Jeronimas Kačinskas (or Kacinskas; 17 April 1907 – 15 September 2005) was a Lithuanian-born American composer.

Kačinskas was born in Viduklė, Kovno Governorate, Russian Empire, to the family of a church organist. He studied music at the National Conservatory of Lithuania in Klaipėda and at the Prague Conservatory.

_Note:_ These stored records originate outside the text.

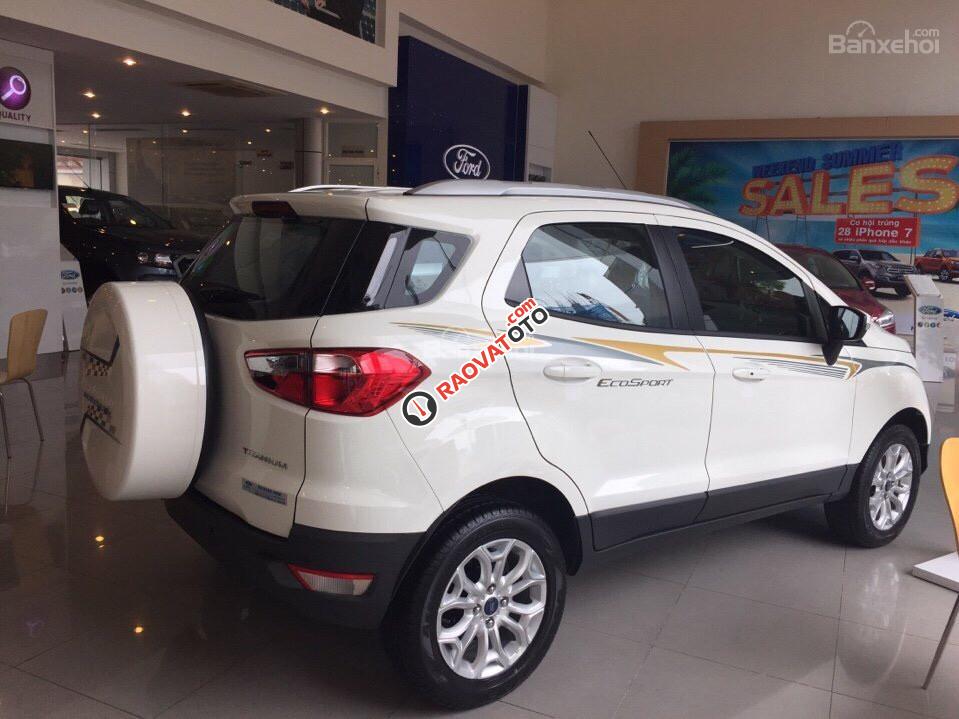 Cần bán xe Ford EcoSport Titanium 1.5 AT 2017, màu trắng, giao ngay, hỗ trợ trả góp 80% giá trị xe-4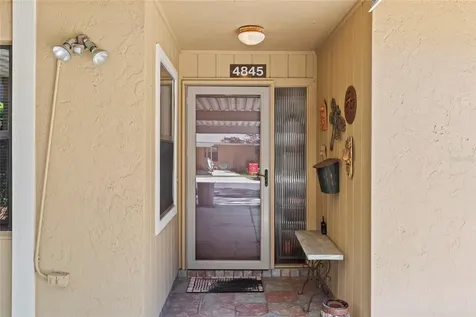 4845 Village Gardens Drive Sarasota FL 34234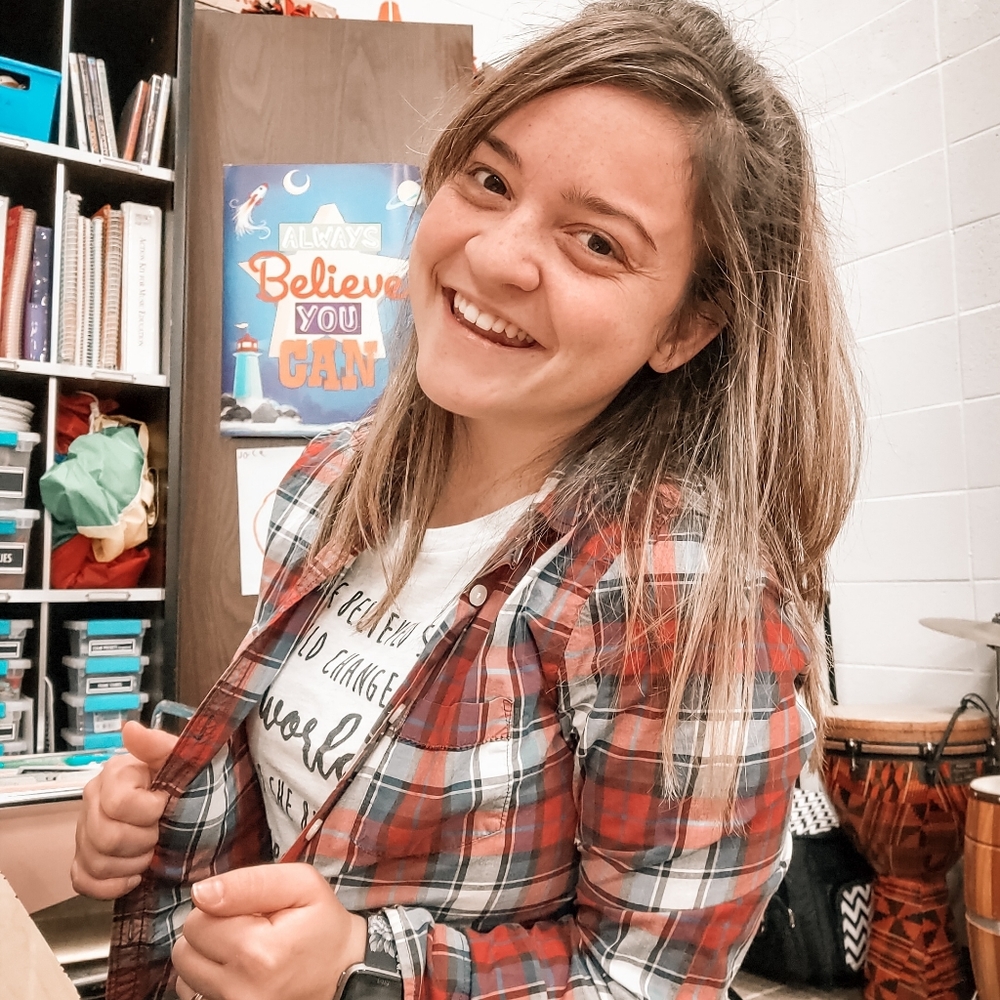 Meet your Posher, Alexis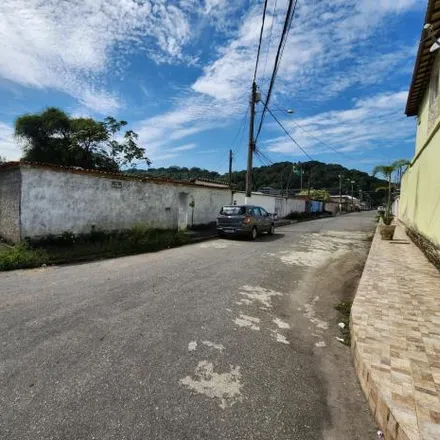 Buy this 3 bed house on Rua Sargento Laudelino Carreira in Sargento Roncalli, Belford Roxo - RJ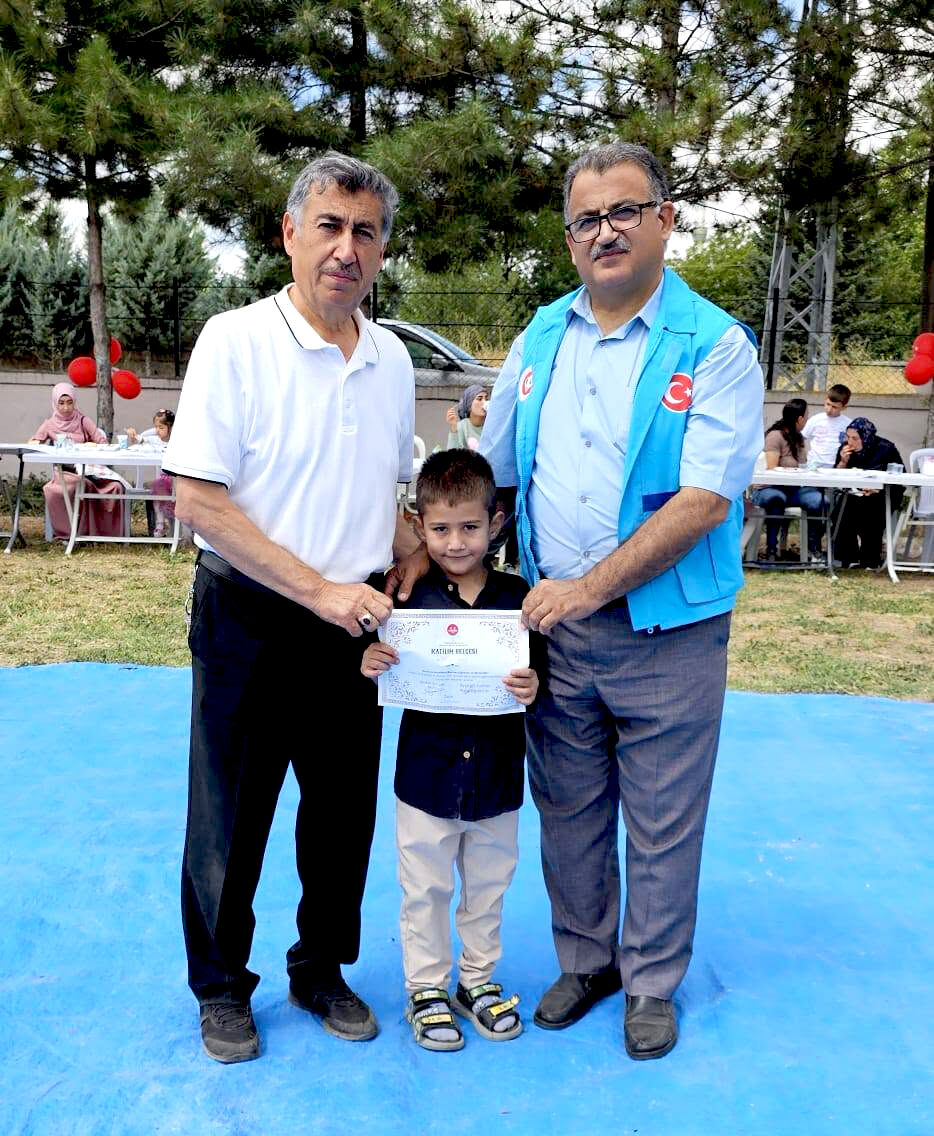 Boztepe’de Minik Öğrenciler Için Renkli Mezuniyet Töreni (3)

He later taught at the State Conservatory in Vilnius.  His Nonet was premiered in London in 1938, and he married Elena Šlevaitė in 1941.  In 1944, they escaped from Lithuania and travelled through Poland into Germany, where they were finally rescued by American troops.

In 1949, they arrived in the United States, and Kačinskas became a church organist and choirmaster in Boston, Massachusetts.  From 1967 to 1986, he taught at Berklee College of Music.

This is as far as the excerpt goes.